Additionally, the State is required to employer contributions for its employees participating in the Tier 3 retirement plan.
Employers are responsible for funding the benefits of all employees who participate in the Tier 3 retirement plan. This means employers are responsible for funding for all Tier 3 participants, including Tier 2 participants that elect to participate in Tier 3.
Employers shall contribute an amount equal to the employer normal cost of the Tier 3 defined benefit plan, plus an amount not less than 3% and not more than 10% to the Tier 3 defined contribution plan.
In addition, employers must contribute an amount sufficient to finance any unfunded liability of that employer over a periodnot to exceed 10 years.
State Funding Enforcement
Beginning July 1, 2013, the State shall be contractually obligated to contribute to the System in each State fiscal year an amount not less than the sum of the State's certified contribution. The obligations are contractual obligations protected and enforceable under Article I, Section 16 and Article XIII, Section 5 of the Illinois Constitution.

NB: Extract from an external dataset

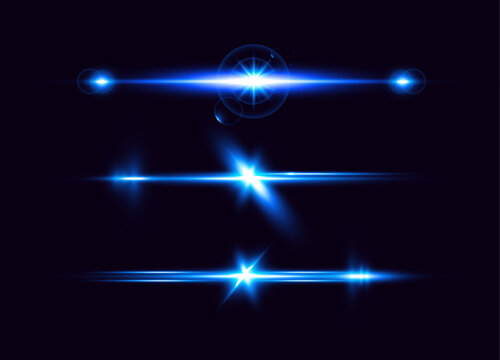 A set of blue light effects on a dark background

Notwithstanding any other provision of law, if the State fails to pay in a State fiscal year the amount guaranteed under this subsection, the System may bring a mandamus action in the circuit court of Champaign or Sangamon County to compel the State to make that payment, irrespective of other remedies that may be available to the System. In ordering the State to make the required payment, the court may order a reasonable payment schedule to enable the State to make the required payment without significantly imperiling the public health, safety, or welfare.
Any payments required to be made by the State pursuant to this guarantee are expressly subordinated to the payment of the principal, interest, and premium, if any, on any bonded debt obligation of the State or any other State-created entity, either currently outstanding or to be issued, for which the source of repayment or security thereon is derived directly or indirectly
from tax revenues collected by the State or any other State-created entity.

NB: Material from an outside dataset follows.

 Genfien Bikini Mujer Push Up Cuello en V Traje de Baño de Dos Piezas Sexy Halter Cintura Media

Employer Funding Enforcement
Any employer, other than the State, that fails to transmit to the System contributions required of it or contributions required of employees, for more than 90 days after such contributions are due, is subject to the following: after giving notice to the employer, the System may certify to the State Comptroller or the Illinois Community College Board, whichever is applicable, the amounts of such delinquent payments and the State Comptroller or the Illinois Community College Board, whichever is applicable, shall deduct the amounts so certified or any part thereof from any State funds to be remitted to the employer and shall pay the amount so deducted to the System. If State funds from which such deductions may be made are not available, the System may proceed against the employer to recover the amounts of such delinquent payments in the appropriate circuit court.

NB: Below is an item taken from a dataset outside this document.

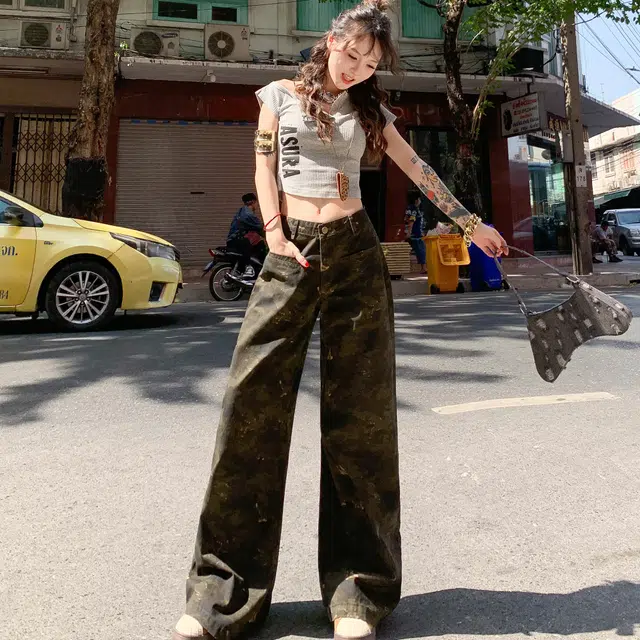 黑恐龙 美式潮牌复古松弛感宽松直筒百搭垂感迷彩时尚舒适个性休闲牛仔裤 男女同款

The System may provide for an audit of the records of an employer, other than the State, as may be required to establish the amounts of required contributions. The employer shall make its records available to the System for the purpose of such audit. The cost of such audit shall be added to the amount of the delinquent payments.
Pensionable Stabilization Fund
HB 3411 revitalizes the Pension Stabilization Fund. The now unused fund begins receiving $1 billion annually in FY 2020. GRF transfers into the Fund will continue until each of the state retirement systems are funded at their targeted funding ratio. Contributions from the fund to the systems are in addition to required contributions, however the systems to not have to include contributions from the fund for the purposes of projecting current and future contributions until the systems receive payment from the fund.
Status: Assigned to House Rules Committee
The current status of HB 3411 could change yet today as there is a House Personnel and Pensions Committee meeting today at 3:00 p.m.
It shouldbe noted that the pension debate on the House Floor is still scheduled today. House is scheduled to come it at 11:30 a.m.